I was surprised, and quite frustrated that Jessica, who has done modeling and acting on the side for years, wasn’t highlighted in either the Matchmaking Special or episode 1. This has already created some controversy on social media. I feel a bit of deja vu when the whole Jamie/Bachelor thing emerged. I’m certain now this is likely to continue to cause some people to call both her authenticity and the authenticity of the experiment into question.
Again, that filming day was about 12 hours and I understand they simply can’t include every detail. However, I feel very strongly that this was something that should have been highlighted. Jessica was very open with us about her acting and modeling, even in season 1 when we didn’t find a match for her. We discussed this in great length and depth.
Jessica is absolutely authentic and probably the one participant that was MOST hopeful and engaged in the whole process. Maybe in part because she went through part of the process before and was really engaged in the journeys of the couples of season 1.
It’s a bit ironic because the modeling/acting (that she does primarily much more for fun, to make extra money, as a sideline etc.) was one of the reasons we felt she was a good fit for Ryan D. He surely has an edge to him and is adventurous. We felt he couldn’t be fulfilled and satisfied in the long term with someone who was too conservative.
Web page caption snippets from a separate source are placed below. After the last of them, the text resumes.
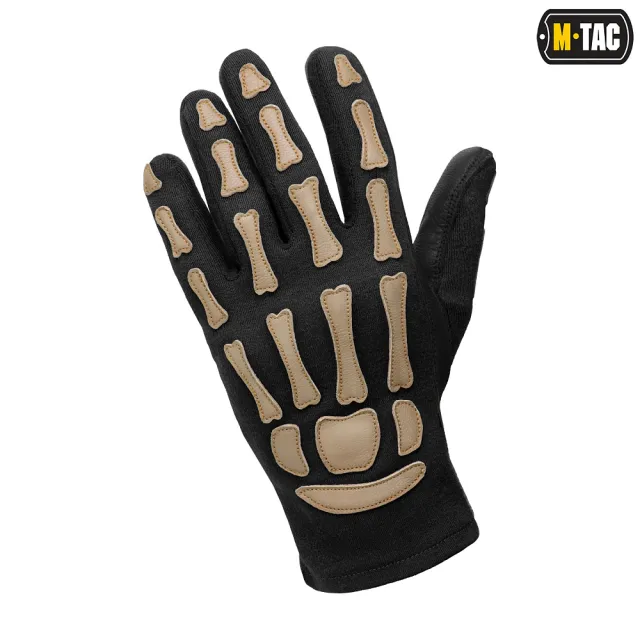 2 - Тактические перчатки M-Tac Skeleton Nomex. Черный/Койот
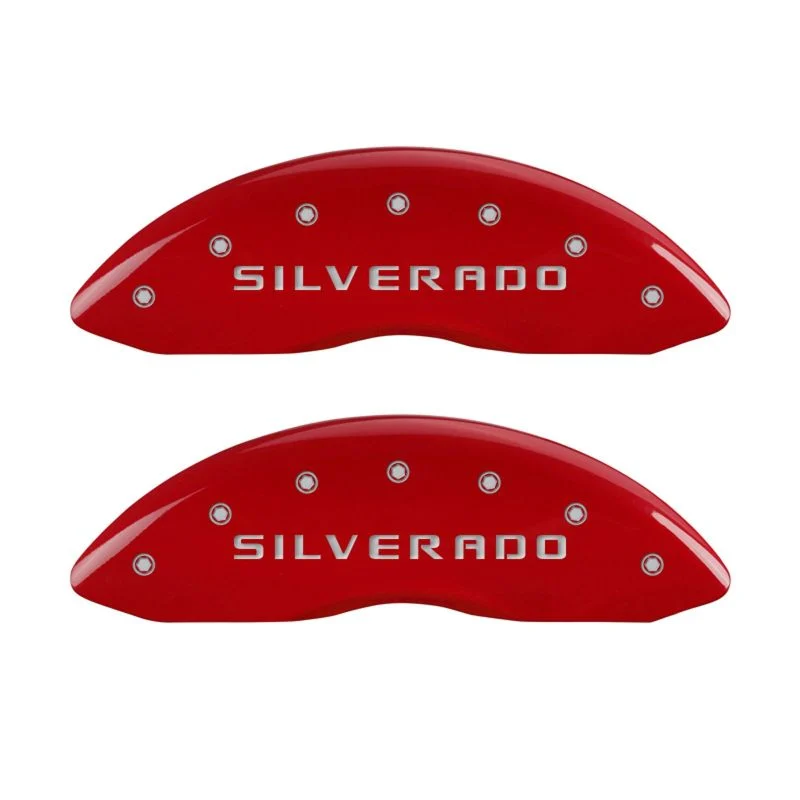 MGP 4 Caliper Covers Engraved Front & Rear Silverado Red finish silver ch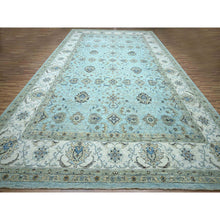 Load image into Gallery viewer, 12&#39;x18&#39;1&quot; Crystal Blue, Agra, Shah Abbas Flower Vines Design, Natural Dyes, Hand Knotted, Luxurious Wool, Denser Weave, Oversized, Oriental Rug FWR456636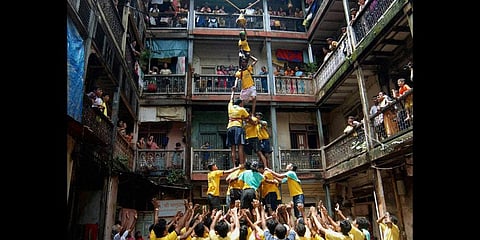 File photo of  Dahi Handi during Janmashtami celebrations in Mumbai. (Photo | PTI)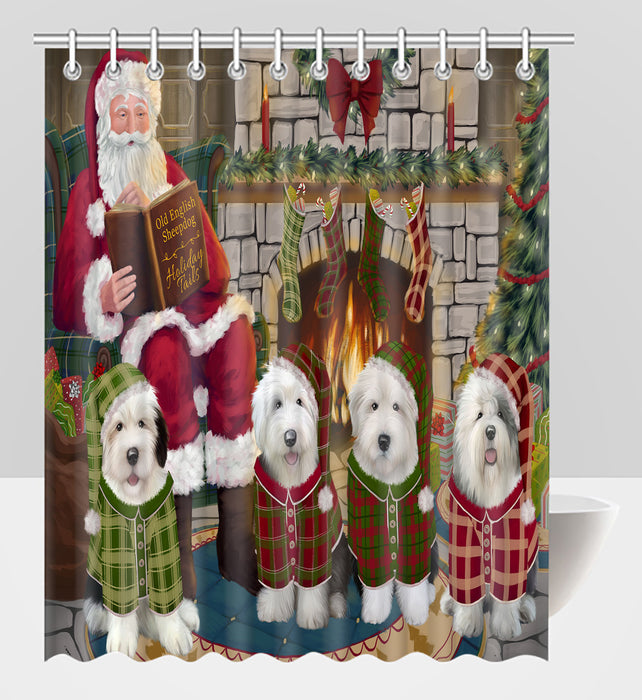 Christmas Cozy Holiday Fire Tails Old English Sheepdogs Shower Curtain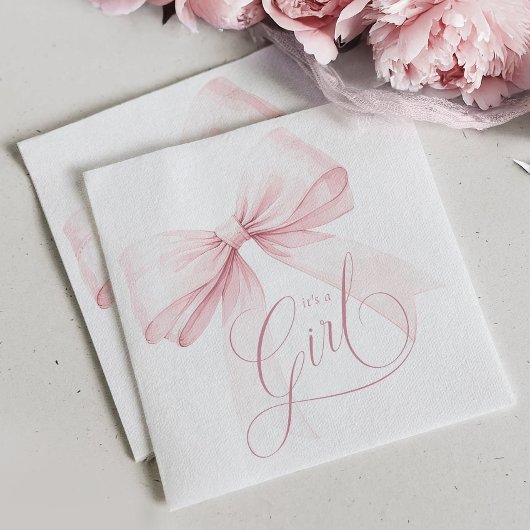 Es ist eine Girl Pink Bow Baby Dusche Serviette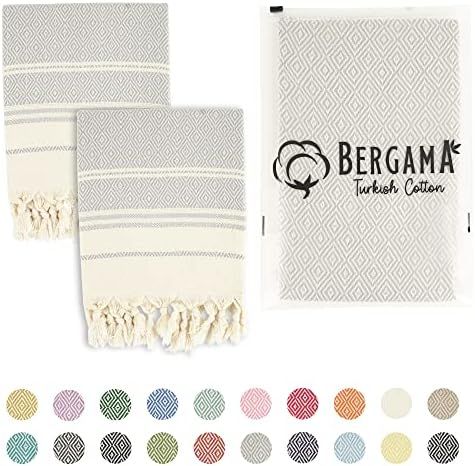 Turkish Hand Towels for Bathroom, Set of 2 | %100 Cotton, 18x36 Inches, Farmhouse Decorative Boho Ho | Amazon (US)
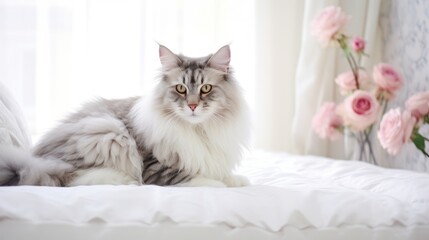 Cute Norwegian Forest Cat peacefully resting on bed in cozy well lit bedroom. Indoor background. Generated with AI.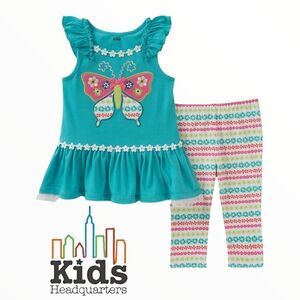 KIDS HEADQUARTERS | Turquoise | BUTTERFLY TUNIC COTTON SET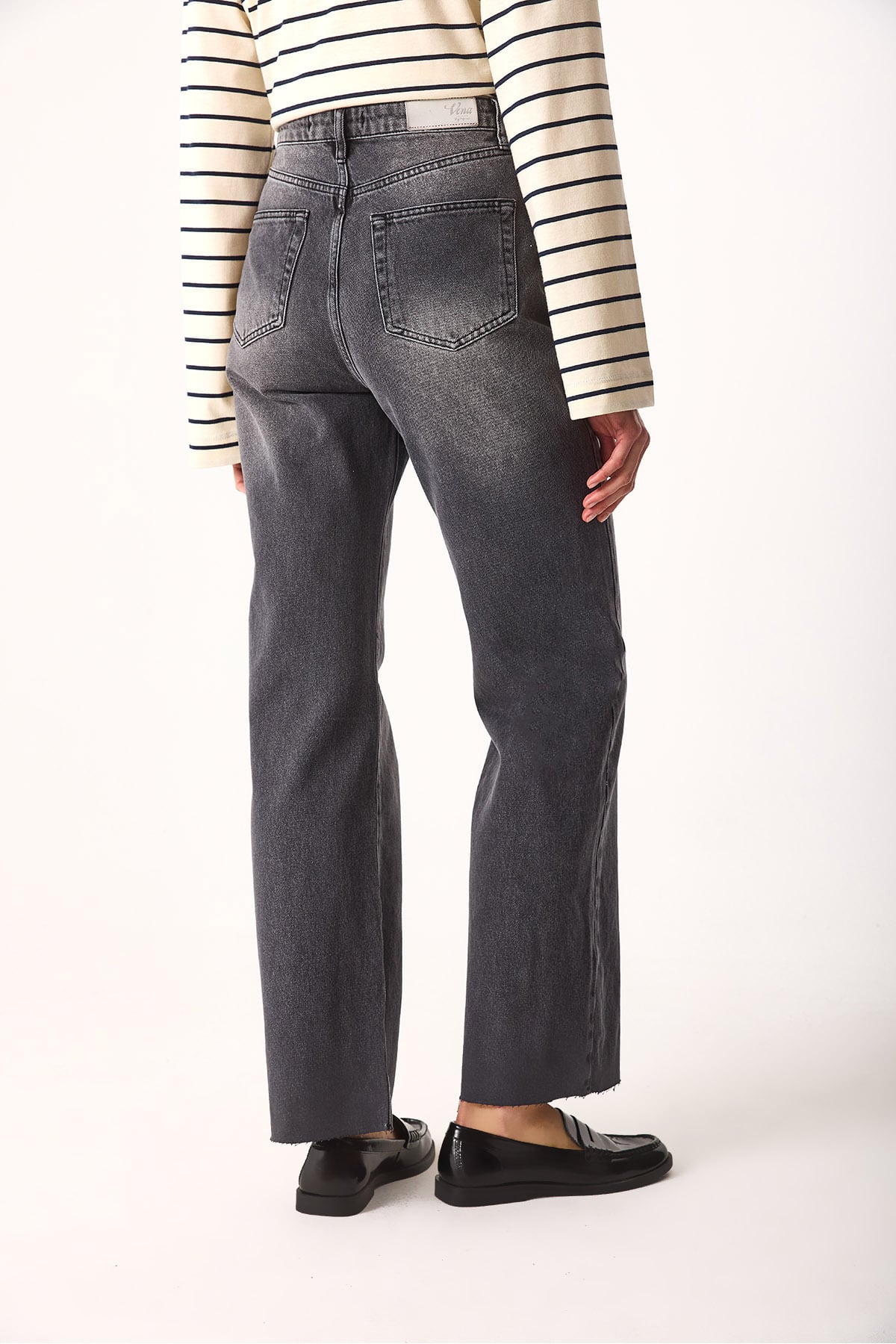 Wanda Antrasit Wide Leg Jean Pantolon-ANTRASİT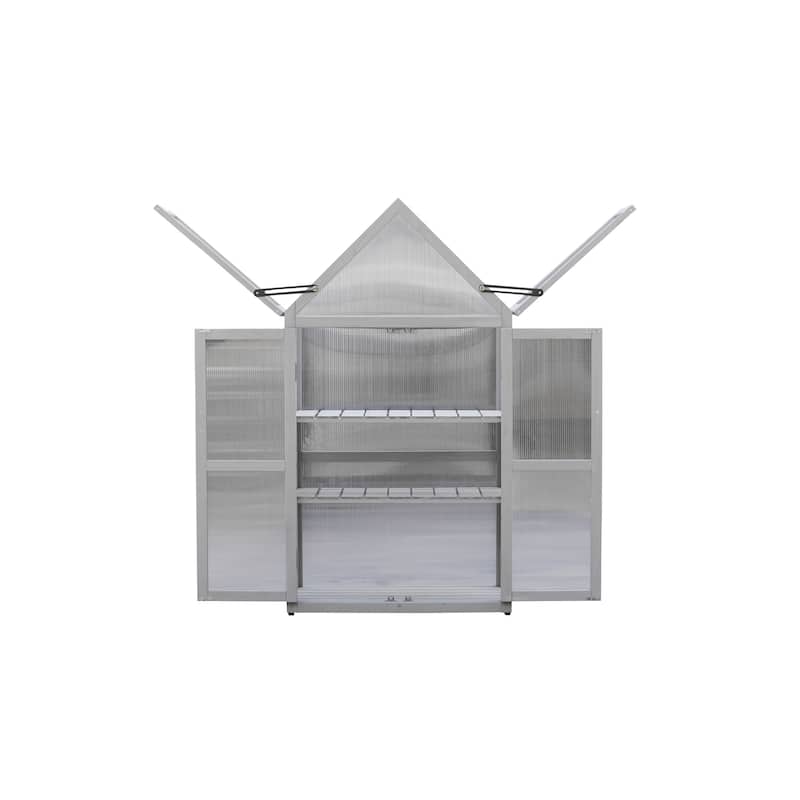 Wood Grey Outdoor Mini Greenhouse Outdoor Plant Stand and Plant Stand Indoor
Because they are both so family oriented, the fact that Jessica has this fun, edgy and “wild” side with her sometimes racy modeling, seemed like it rounded her out in a way that honored her more traditional core family values. It could be a great fit and balance for Ryan and his adventurous, risk-taking, love for excitement, edgy side.
I’m certain her authenticity (and sensitivity) will be quite evident as the journeys unfold. I think it’s actually really special that she is so family oriented, traditional, sweet and down to earth, with this spicy side that she expresses through her risqué modeling and acting. I’m a huge fan of Jessica. She is a lovely, kind and uniquely sensitive person.